In 18th-century England, coal wasn’t just energy. It was ambition. It fueled glassmaking, brewing, and salt production, and its steam engines pulled water from mines and trains across the countryside. Half of England’s coal never left its borders that’s how deeply it powered daily life. For the first time, human progress had a fuel source, and Britain knew how to use it. Compared to the Chinese government, the British state took a more direct interest in coal drafting laws to promote its extraction, transport, and use, ensuring London’s ever-growing hunger for energy was always met.
But Britain’s industrial success came with consequences and colonies. Before English mills turned, India was the world’s textile capital. Its cottons, chintzes, and muslins were traded across continents, woven by artisans whose skill defined luxury. The subcontinent’s textile traditions weren’t merely an economic system they were a cultural identity, sustained through generations of craftsmanship and pride.
As Britain industrialized, that artistry became collateral. Colonial policies turned India into a supplier of raw cotton and a captive market for British goods. Heavy tariffs kept Indian textiles out of Britain, while British fabric flowed freely into India. Raw cotton was exported at low cost, spun and woven in Lancashire using slave-grown fiber from the American South, and then resold to India at marked-up prices.
What came back was not art, but imitation factory-made cloth that was faster, cheaper, and infinitely repeatable. The looms of Bengal fell silent, replaced by the rhythm of machines thousands of miles away. The deindustrialization of India wasn’t an accident of progress; it was a policy of control. Britain’s machines ran on coal, but its system ran on domination over resources, markets, and minds.
This transformation changed more than just economics. It reshaped the very idea of consumption. When handwoven cloth gave way to factory-spun textiles, scarcity was replaced by abundance, and quality by quantity. The idea that things could and should, be replaced quickly began here. It’s no coincidence that the culture of fast consumption, the constant churn of production and replacement, was born from the same forces that dismantled artisanal economies.
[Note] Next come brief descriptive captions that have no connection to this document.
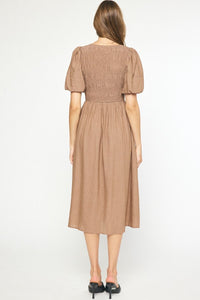 Harvest Festival Dress - Mocha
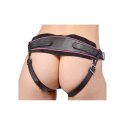 XR Brands Strap-On Uprząż Vegan Pink z Regulacją i O-Ringami XR Brands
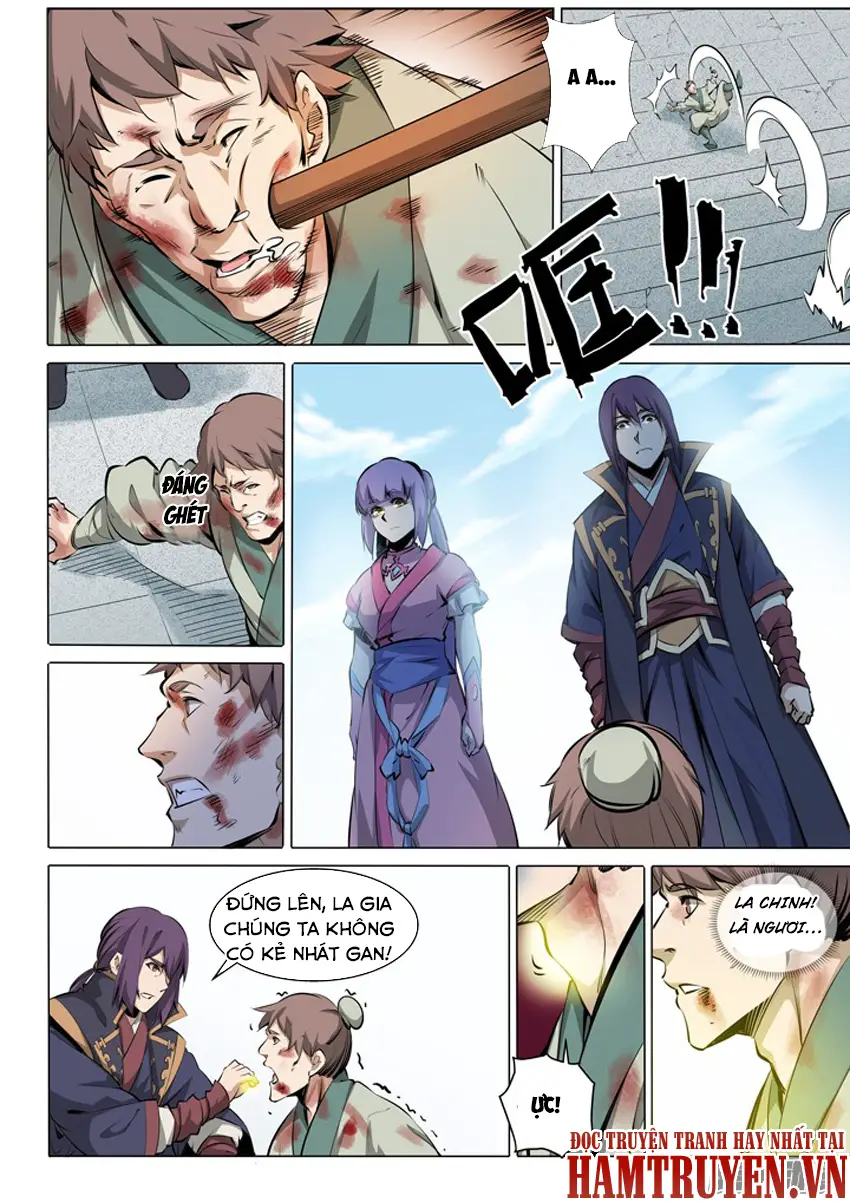 Bách Luyện Thành Thần Nettruyen ZZZ Chương 82.3 Page 7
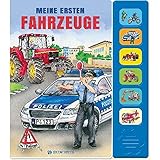  Trötsch Meine ersten Fahrzeuge: Beschäftigungsbuch Soundbuch Liederbuch Geräuschebuch (Soundbücher)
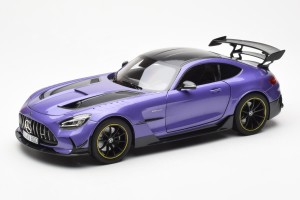 183907  Mercedes AMG GT Black Series Purple Asia Exclusive Norev 1/18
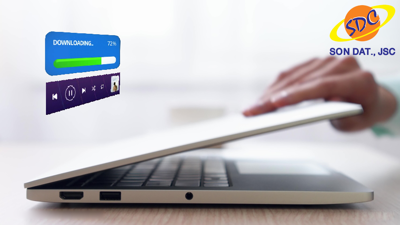 Sơn Đạt.,JSC chia sẻ cách gập màn hình laptop mà không tắt máy
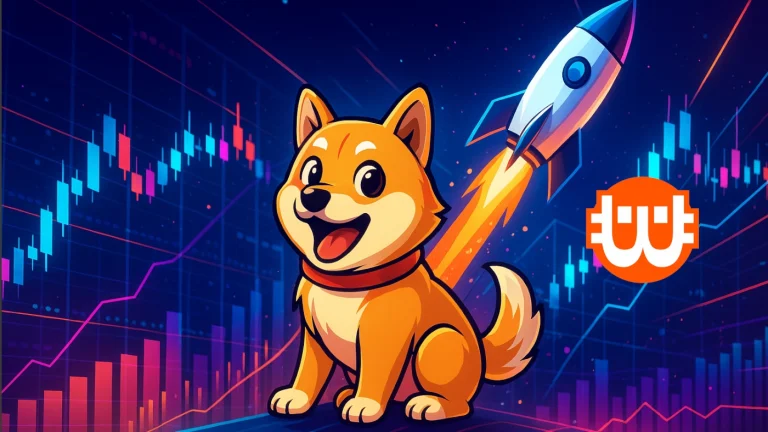 Készül valamire a Dogecoin? A mémcoin újabb nagy ugrás előtt állhat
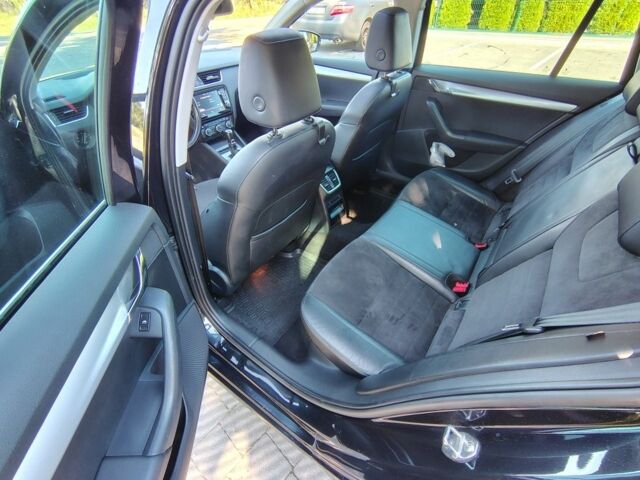 Черный Шкода Октавия, объемом двигателя 1.6 л и пробегом 252 тыс. км за 10800 $, фото 11 на Automoto.ua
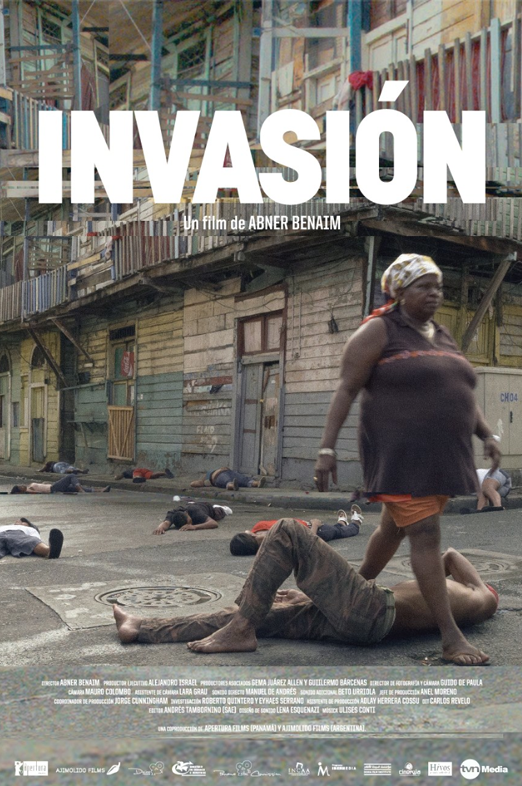 Invasión - Plakátok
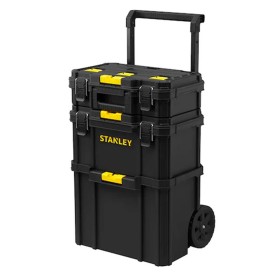 Caja de Herramientas Stanley Metal Plástico de Stanley, Cajas y maletines - Ref: S6504261, Precio: 101,12 €, Descuento: %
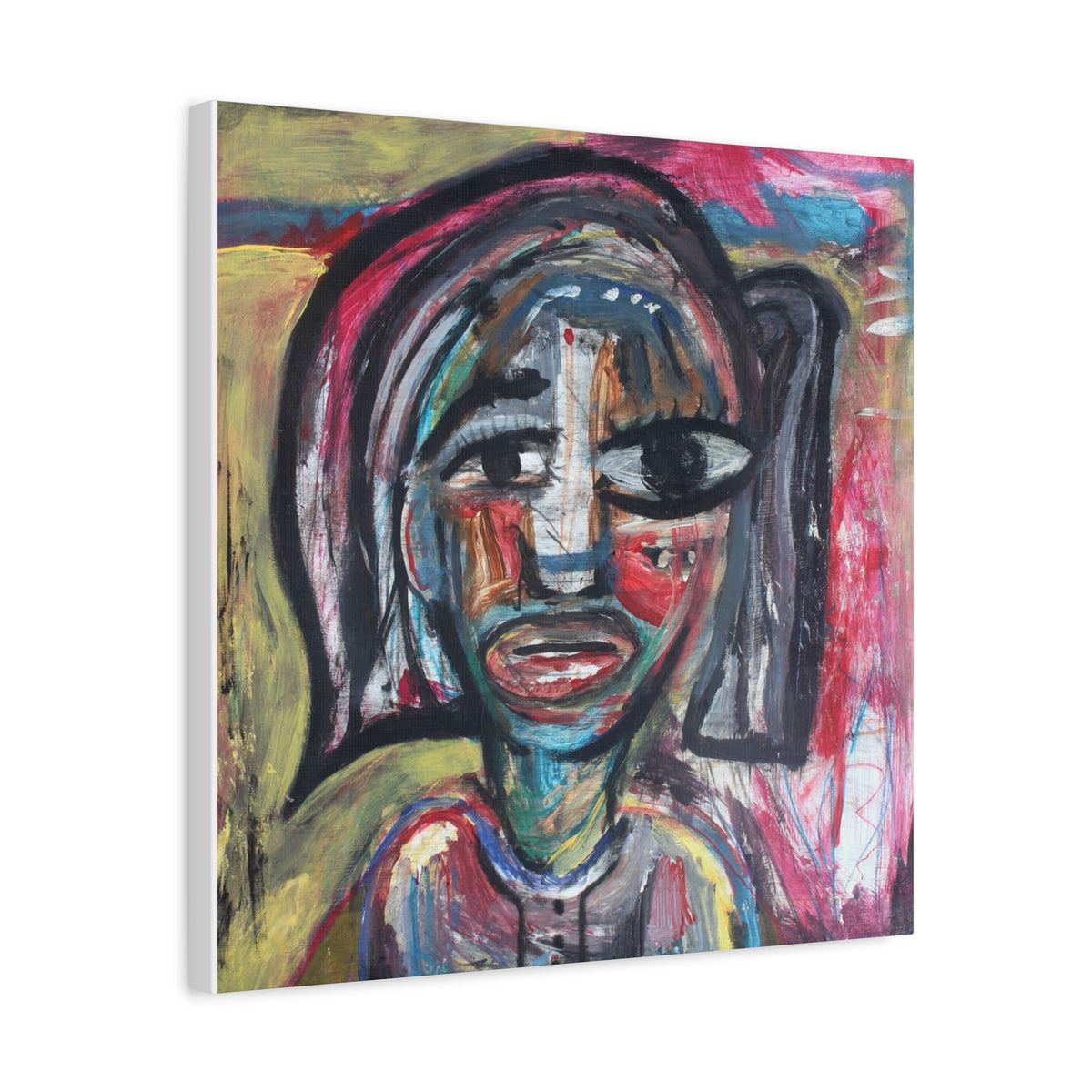Ms.Rosey Canvas Print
The economics behind this shift were simple but devastating. Britain’s ability to control both the source of raw materials and the sale of finished goods created an artificial monopoly one that extracted wealth from its colonies while fueling its own prosperity. That wealth financed new industries, infrastructure, and technologies, laying the groundwork for modern capitalism. But it also revealed a dangerous truth: progress for some often depends on the exploitation of others.
Centuries later, echoes of that system are resurfacing. The recent wave of tariff wars especially under U.S. President Donald Trump reflects a new form of protectionism reminiscent of Britain’s colonial playbook. By imposing tariffs on steel, aluminum, and Chinese technology, the U.S. sought to shield its industries from global competition. Yet such measures also risk reshaping trade relationships and supply chains, creating new winners and new losers in the global economy.
Only this time, the resource isn’t coal, it’s data. The race isn’t for textiles or territory, but for algorithms, semiconductors, and artificial intelligence. Nations are now competing to secure chips, restrict exports, and control who gets access to the new raw material of the 21st century: information.
The parallels are striking. Then, Britain used its colonial laws to dominate trade; now, tech powers use digital policy and economic sanctions to do the same. The vocabulary has evolved from “civilizing missions” to “national security measures” but the logic hasn’t. It’s still about who controls production, who profits, and who pays the price.
The Industrial Revolution taught us how to produce more. The AI revolution might teach us how to think more or, if we’re not careful, how to repeat the same mistakes in a new form. Every technological leap carries a story of displacement: what we gain in efficiency, we often lose in equity, art, or meaning.
History may not repeat itself perfectly, but it rhymes. Britain’s rise came at the cost of India’s craftsmanship. Today, as nations wage digital and economic wars in the name of progress, the world faces a familiar question: will innovation expand opportunity, or deepen inequality? Because whether powered by coal or by code, every revolution carries within it the same thread
Who gets to create, and who gets consumed?